Data records:
------------------------------------------------------------------------

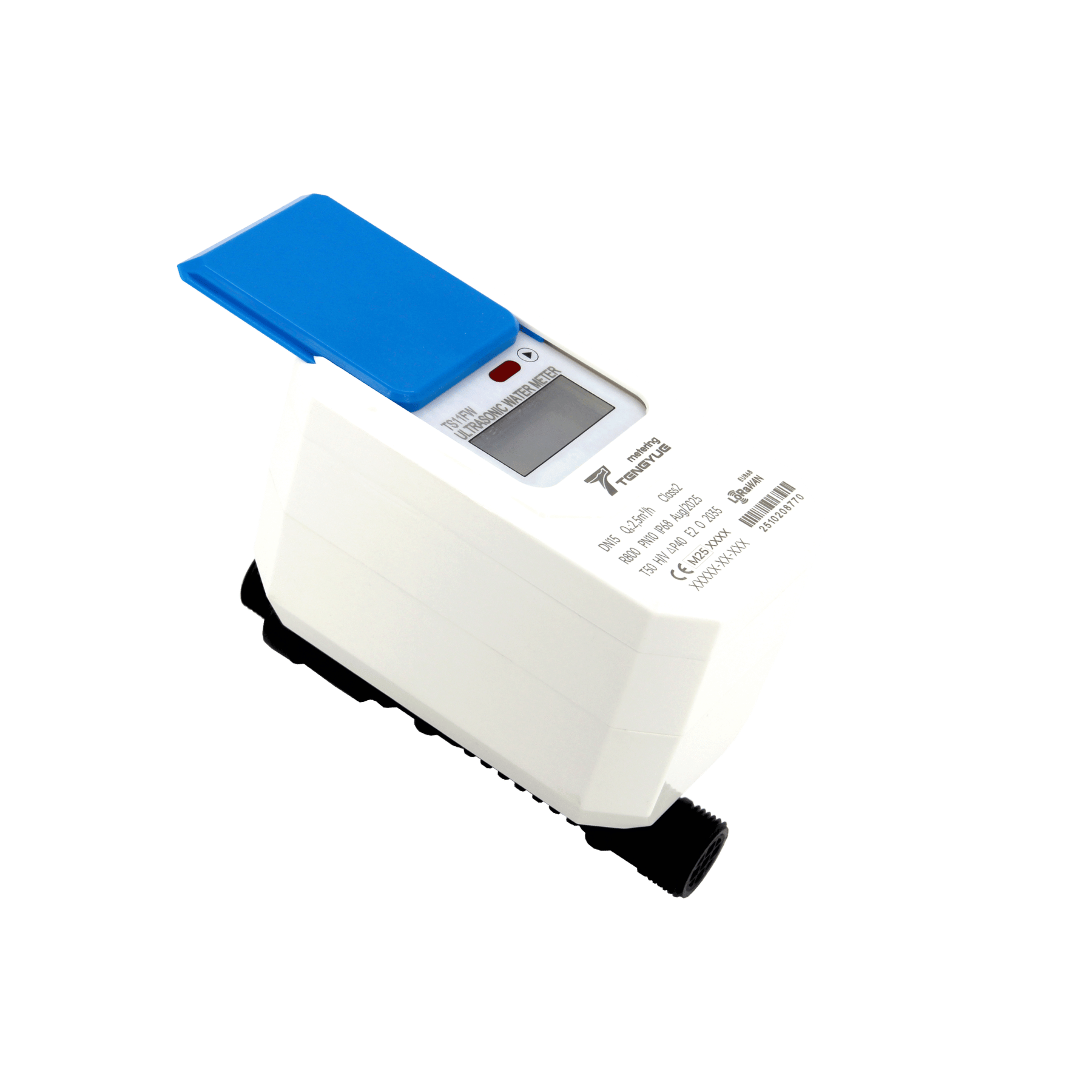 TS11FW Ultrasonic Valve Control Water Meter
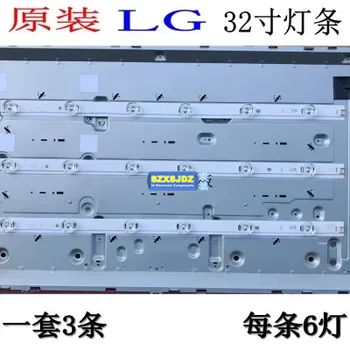 3KS 32 palcov LG32LB5610-CD LG32LF592U 32LB5610-CD 32LF592U svetlo bar svetlo bar pôvodné CEM-3-S94V-0 1506LED nastaviť cenu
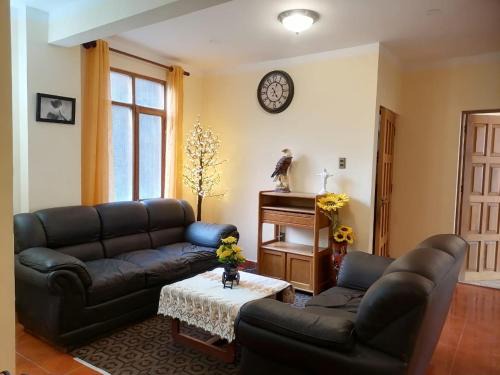 Oruro Apartment | Central Stay Departamentos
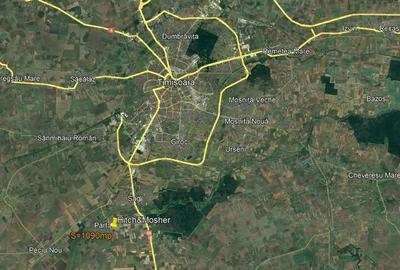 Teren intravilan Parta - destinatie rezidentiala - 4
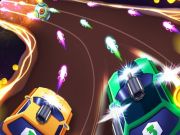 Spiel Autoverteidigung zusammenführen  Online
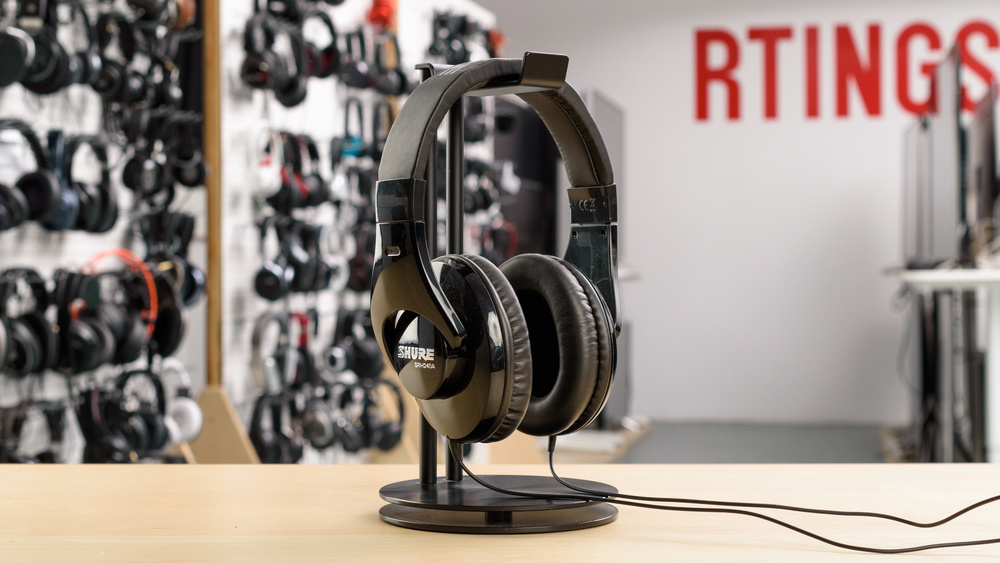 Shure SRH240A Design Picture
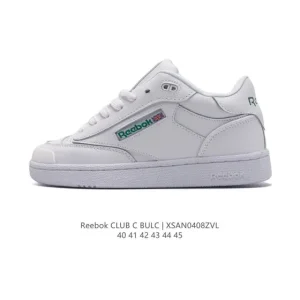 Reebok Club C Bulc Men's Retro Leather Sneakers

------------------------------------------------------------------------

_Action item:_
Write out exactly the lines from the one containing "Spiel Autoverteidigung zusammenführen" through the end of the records above, both included, leaving all pictures out.

_Response:_
 Spiel Autoverteidigung zusammenführen  Online
 Shure SRH240A Design Picture
 Reebok Club C Bulc Men's Retro Leather Sneakers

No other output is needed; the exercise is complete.